Sin embargo, como los seres humanos no son robots sino criaturas complejas que evolucionan también gracias a los fuertes compromisos emocionales, no aceptan por lo general este impulso casi universal hacia la igualdad. A nadie le gusta trabajar o vivir en un entorno donde todo se ve igual y donde las relaciones sociales se reducen a normas de conducta codificadas. Incluso en las organizaciones que insisten en una uniformidad rígida, como las prisiones y los cuarteles militares o, incluso, los cubículos de las grandes organizaciones corporativas, los individuos encuentran la forma de hacer frente a esta uniformidad personalizando sus espacios y relaciones sociales (colocan carteles, pegatinas y fotos familiares en el lugar de trabajo/prisión/establecimiento militar para socializar con los compañeros de trabajo dentro y fuera de la mirada burocrática).

Si bien la coerción y la remuneración económica son importantes para establecer y hacer que funcionen las organizaciones sociales sólidas, a largo plazo no son suficientes. Es más, casi todas las burocracias duraderas también requieren un vínculo social más específico que motive a sus miembros y mantenga unidas a estas entidades. A lo largo de la historia, las organizaciones sociales solían depender de diferentes mecanismos culturales para asegurar su legitimidad, así como para movilizar un cierto grado de apoyo popular. Por ejemplo, los reinos complejos y los grandes imperios utilizaron los principios religiosos, como la idea de los derechos divinos de los gobernantes, para justificar la estructura social existente. Del mismo modo, las compañías privilegiadas como la Compañía de las Indias Orientales o la Compañía Neerlandesa de las Indias Orientales utilizaron por lo general el lenguaje de la misión civilizadora tanto para legitimar su expansión colonial como para justificar su existencia ante sus empleados. Hoy en día, los Estados nacionales dependen del nacionalismo para mantener el apoyo popular y para movilizar a la opinión pública frente a un curso de acción particular.

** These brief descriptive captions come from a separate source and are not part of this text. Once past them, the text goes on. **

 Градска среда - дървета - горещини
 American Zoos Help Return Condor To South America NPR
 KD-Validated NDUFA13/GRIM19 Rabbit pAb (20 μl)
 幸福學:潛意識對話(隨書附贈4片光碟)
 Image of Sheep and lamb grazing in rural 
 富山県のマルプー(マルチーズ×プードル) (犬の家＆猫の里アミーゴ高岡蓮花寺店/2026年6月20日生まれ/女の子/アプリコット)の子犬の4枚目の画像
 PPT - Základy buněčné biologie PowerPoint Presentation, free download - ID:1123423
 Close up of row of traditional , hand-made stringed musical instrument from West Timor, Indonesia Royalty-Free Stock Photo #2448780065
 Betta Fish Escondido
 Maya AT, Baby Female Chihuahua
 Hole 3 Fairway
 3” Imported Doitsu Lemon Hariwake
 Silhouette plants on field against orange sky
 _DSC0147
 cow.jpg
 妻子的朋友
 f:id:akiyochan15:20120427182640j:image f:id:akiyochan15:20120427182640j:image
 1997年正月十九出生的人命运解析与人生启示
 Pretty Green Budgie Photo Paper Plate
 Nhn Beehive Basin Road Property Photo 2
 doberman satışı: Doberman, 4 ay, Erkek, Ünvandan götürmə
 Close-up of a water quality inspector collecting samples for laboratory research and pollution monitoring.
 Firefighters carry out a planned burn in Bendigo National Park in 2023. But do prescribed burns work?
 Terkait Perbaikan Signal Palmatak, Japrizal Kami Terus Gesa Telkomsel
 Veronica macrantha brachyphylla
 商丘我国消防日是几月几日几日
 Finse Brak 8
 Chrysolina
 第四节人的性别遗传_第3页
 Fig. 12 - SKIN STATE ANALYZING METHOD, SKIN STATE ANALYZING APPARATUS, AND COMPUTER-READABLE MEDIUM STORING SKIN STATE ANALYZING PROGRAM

Sin embargo, esto no quiere decir que el mundo premoderno requiriera tanta justificación popular como se necesita hoy en día. Cuando los gobernantes de los grandes imperios o de los primeros reinos libraban guerras o emprendían persecuciones en el interior, estaban interesados en obtener todo el apoyo posible; sin embargo, ese apoyo provenía solo de un grupo por lo general muy pequeño: el resto de aristócratas y el alto clero. La mayoría de la población era mayoritariamente campesina y, por lo tanto, estaba excluida de la política y los asuntos militares. Además, tradicionalmente, era percibida como una gran aglomeración inferior, casi infrahumana, por lo que había poca necesidad por parte de la organización de justificar las decisiones políticas. Por lo tanto, el principio de los derechos divinos y otras doctrinas religiosas eran en realidad más protoideologías que doctrinas ideológicas de pleno derecho (Malešević, 2013a, 2010). En cambio, el nacimiento y la expansión de la modernidad están asociados con una penetración ideológica mucho más profunda. Una vez que los ideales de humanidad, igualdad, libertad y fraternidad ocupan un lugar central y reemplazan a las autoridades sobrenaturales como fuente dominante de la legitimidad organizativa, el poder ideológico se vuelve mucho más importante. La penetración ideológica implica tasas de alfabetización sustancialmente mayores; la impresión masiva de libros, folletos, revistas y periódicos asequibles y económicos; el desarrollo de la esfera pública; la existencia del servicio militar; el crecimiento de la urbanización, y la existencia de sistemas educativos de masas, entre otros. Todo ello ayuda a politizar a los ciudadanos comunes (Breuilly, 1993; Gellner, 1983; Nairn, 1977).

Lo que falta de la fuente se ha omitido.